There are millions of individuals visiting social media sites everyday through Twitter, Facebook and Instagram. With that much activity, these sites are fertile ground for scammers. Unfortunately, consumers often ignore the need to take precautions and adjust important privacy settings on these sites to protect themselves. Consumers also innocently give away important information about themselves, what they are doing, and where they are which plays into the hands of crooks.
“Scammers spend their days scanning social media sites to look for clues that will open the way to rip off their next victim. That fact is not top of mind for most consumers but it should be,” says Steve J. Bernas, President and CEO of the Better Business Bureau serving Chicago and Northern Illinois. “Consumers, need to think twice and review how and what they post.”
What do scammers do that put individuals online at risk:
Scammers get victims to “like,” “share,” or “repost” postings. They pose as a well-known company offering the chance to win a big prize to anyone who shares or likes the post. The scammer accumulates thousands of followers and then sells the social media identity he created, complete with followers, to another company for their own purposes.
Protection: Most “share to win” posts are scams – Don’t do it, you could end up on a “sucker” list of potential scam targets.
Fake Banking Alerts
Hackers send fake notices via social media and e-mail claiming your account has been compromised. These alerts are usually attempts to steal banking information. Often if you click on the sender’s email – it’s overseas. Always call your bank if you have questions and never click on phishing links.
Sample Fake Notice
Dear Customer, we noticed a strange attempt to login into your account from unknown IP. We need you to update to avoid termination of your account. Click on the link below to update.
Scammers track online posts and look for information that allows them to pretend to be you and they then contact relatives claiming to be in trouble and needing money.
Protection: Think before you post and make sure your privacy settings only allow selected people to see your post. Make sure you prevent access to friends of friends.
Vacation posts during the actual vacation make soft targets for scammers and thieves.
Providing information and photos of yourself makes it easy for I.D. thieves to pass themselves off as you. Scammers set up duplicate accounts in victims’ names and then try to link up with and scam victims’ friends.

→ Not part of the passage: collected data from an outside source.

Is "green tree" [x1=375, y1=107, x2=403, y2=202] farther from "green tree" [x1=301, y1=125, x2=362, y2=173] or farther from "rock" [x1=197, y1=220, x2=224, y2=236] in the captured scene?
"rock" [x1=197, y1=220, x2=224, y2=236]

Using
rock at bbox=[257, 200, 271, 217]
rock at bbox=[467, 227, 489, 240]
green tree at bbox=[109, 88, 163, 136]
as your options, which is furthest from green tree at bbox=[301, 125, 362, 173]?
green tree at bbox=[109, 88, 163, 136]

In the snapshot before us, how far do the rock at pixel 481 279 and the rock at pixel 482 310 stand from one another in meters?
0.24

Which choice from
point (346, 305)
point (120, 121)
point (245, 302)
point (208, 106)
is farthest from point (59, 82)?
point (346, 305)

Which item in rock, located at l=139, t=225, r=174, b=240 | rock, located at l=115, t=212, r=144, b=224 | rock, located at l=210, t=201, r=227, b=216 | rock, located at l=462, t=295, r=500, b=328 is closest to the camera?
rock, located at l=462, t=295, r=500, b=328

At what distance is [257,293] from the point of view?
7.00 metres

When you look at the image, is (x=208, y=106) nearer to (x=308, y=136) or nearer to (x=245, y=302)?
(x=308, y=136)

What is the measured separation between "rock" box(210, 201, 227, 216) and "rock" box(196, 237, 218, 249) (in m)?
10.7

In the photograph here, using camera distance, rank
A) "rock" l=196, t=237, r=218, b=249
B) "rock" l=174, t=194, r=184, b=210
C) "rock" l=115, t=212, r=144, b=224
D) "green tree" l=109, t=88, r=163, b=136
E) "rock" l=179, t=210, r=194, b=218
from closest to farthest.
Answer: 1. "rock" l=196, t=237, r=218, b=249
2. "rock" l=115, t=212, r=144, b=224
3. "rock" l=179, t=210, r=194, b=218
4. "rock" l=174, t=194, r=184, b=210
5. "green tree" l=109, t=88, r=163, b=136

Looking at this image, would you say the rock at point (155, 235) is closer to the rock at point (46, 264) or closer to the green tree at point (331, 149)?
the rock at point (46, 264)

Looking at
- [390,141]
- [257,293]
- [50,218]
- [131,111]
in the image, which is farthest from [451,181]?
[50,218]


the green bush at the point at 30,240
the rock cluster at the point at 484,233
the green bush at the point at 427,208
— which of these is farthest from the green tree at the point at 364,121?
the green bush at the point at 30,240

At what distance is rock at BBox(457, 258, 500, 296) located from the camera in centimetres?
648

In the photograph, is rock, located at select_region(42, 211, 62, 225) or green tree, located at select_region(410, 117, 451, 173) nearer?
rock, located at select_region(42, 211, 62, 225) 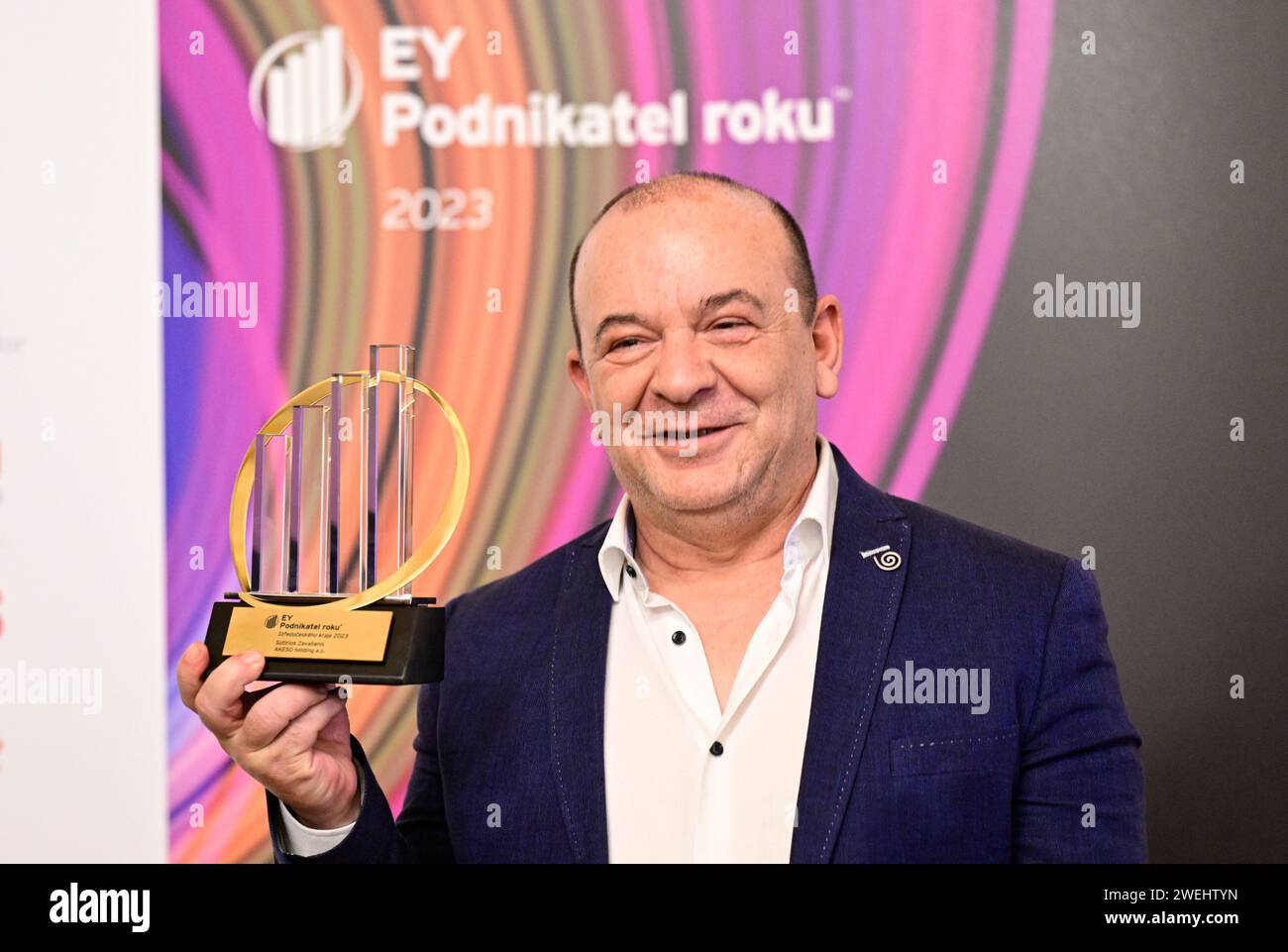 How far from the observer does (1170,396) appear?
113 inches

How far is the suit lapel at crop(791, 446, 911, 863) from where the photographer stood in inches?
77.0

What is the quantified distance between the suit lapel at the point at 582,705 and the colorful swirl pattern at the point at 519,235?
734 mm

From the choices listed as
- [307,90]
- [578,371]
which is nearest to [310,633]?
[578,371]

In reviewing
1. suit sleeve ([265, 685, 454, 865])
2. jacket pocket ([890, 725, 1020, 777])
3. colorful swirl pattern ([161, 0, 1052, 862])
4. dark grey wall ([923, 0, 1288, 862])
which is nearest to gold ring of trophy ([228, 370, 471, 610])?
suit sleeve ([265, 685, 454, 865])

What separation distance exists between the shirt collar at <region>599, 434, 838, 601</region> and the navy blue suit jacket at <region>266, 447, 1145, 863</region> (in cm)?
3

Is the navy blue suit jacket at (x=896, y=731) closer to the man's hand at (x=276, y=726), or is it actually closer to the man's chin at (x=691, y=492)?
the man's hand at (x=276, y=726)

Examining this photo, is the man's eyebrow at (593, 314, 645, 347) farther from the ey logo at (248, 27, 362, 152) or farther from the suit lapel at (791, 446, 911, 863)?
the ey logo at (248, 27, 362, 152)

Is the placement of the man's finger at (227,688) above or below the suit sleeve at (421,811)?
above

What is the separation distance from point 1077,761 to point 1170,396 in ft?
3.90

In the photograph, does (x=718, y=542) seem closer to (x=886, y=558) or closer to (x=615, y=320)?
(x=886, y=558)

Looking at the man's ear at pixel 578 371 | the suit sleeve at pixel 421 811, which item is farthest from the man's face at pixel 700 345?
the suit sleeve at pixel 421 811

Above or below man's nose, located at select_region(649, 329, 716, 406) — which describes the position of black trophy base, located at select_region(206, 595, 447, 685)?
below

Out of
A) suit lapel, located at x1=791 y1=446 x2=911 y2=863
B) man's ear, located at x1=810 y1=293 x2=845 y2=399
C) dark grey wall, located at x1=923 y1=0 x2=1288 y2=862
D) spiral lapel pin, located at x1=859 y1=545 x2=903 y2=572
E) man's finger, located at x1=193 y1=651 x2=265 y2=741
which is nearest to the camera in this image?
man's finger, located at x1=193 y1=651 x2=265 y2=741

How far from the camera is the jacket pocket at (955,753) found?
77.9 inches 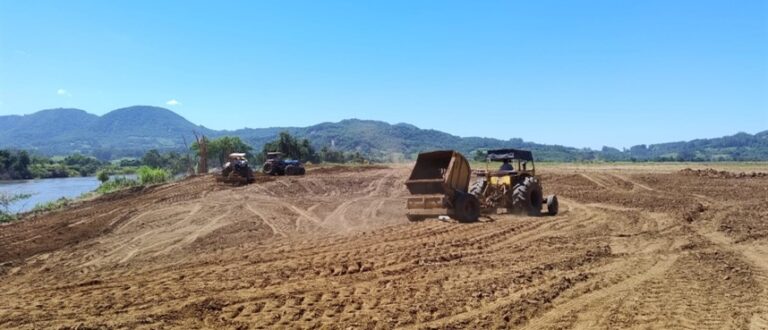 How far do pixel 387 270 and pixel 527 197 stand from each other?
27.8 feet

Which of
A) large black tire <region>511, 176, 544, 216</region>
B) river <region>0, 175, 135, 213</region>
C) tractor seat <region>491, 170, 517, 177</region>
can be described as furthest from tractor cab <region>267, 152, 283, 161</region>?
large black tire <region>511, 176, 544, 216</region>

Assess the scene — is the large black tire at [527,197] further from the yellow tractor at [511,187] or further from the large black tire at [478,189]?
the large black tire at [478,189]

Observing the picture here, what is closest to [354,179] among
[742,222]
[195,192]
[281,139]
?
[195,192]

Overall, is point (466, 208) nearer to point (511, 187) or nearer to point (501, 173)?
point (511, 187)

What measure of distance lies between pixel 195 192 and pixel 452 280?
19121 millimetres

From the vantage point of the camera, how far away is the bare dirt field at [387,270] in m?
5.95

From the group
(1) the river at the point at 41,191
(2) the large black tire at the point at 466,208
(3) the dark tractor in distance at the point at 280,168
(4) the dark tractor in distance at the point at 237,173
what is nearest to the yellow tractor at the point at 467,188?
(2) the large black tire at the point at 466,208

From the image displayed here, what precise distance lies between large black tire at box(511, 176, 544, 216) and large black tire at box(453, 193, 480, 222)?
4.84ft

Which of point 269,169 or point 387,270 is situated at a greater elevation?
point 269,169

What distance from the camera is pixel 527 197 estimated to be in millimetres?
15305

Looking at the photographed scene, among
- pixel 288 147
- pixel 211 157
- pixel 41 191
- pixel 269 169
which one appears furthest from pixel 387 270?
pixel 211 157

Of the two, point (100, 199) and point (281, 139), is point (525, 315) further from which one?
point (281, 139)

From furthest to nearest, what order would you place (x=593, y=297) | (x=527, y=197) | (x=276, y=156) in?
1. (x=276, y=156)
2. (x=527, y=197)
3. (x=593, y=297)

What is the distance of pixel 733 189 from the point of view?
2373cm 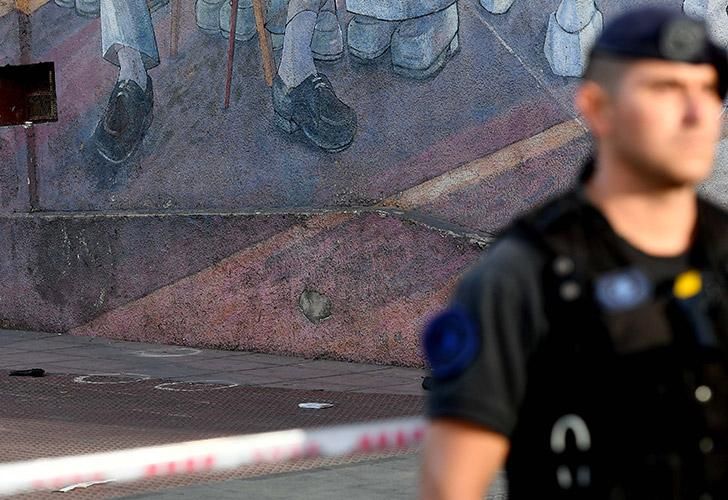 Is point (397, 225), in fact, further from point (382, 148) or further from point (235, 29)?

Protection: The main way scammers perpetrate this crime is through hacking into users’ accounts because of weak or stolen passwords. Use a unique password for each of your social media accounts and change them regularly. Check out these BBB password tips.
Often, victims of this scam receive an email claiming there’s a problem with their social media account and asking them to sign on using a link in the message. This takes them to a fake sign-on page where they have to enter their account details.
Protection: Never following links or click on attachments inside an email. Instead, go directly to the social media site and check your account details there.
Scammers use fake links to products and services, often promoted as bargains or prizes. After following the links viruses and spyware are uploaded onto the victim’s computer.
Protection: Also make sure your security software is up to date.
Great Jobs and Giveaways.
Free offers frequently pop up on social media networks — some of them legitimate. But, others such as great job offers are fake and based on information you have posted about yourself.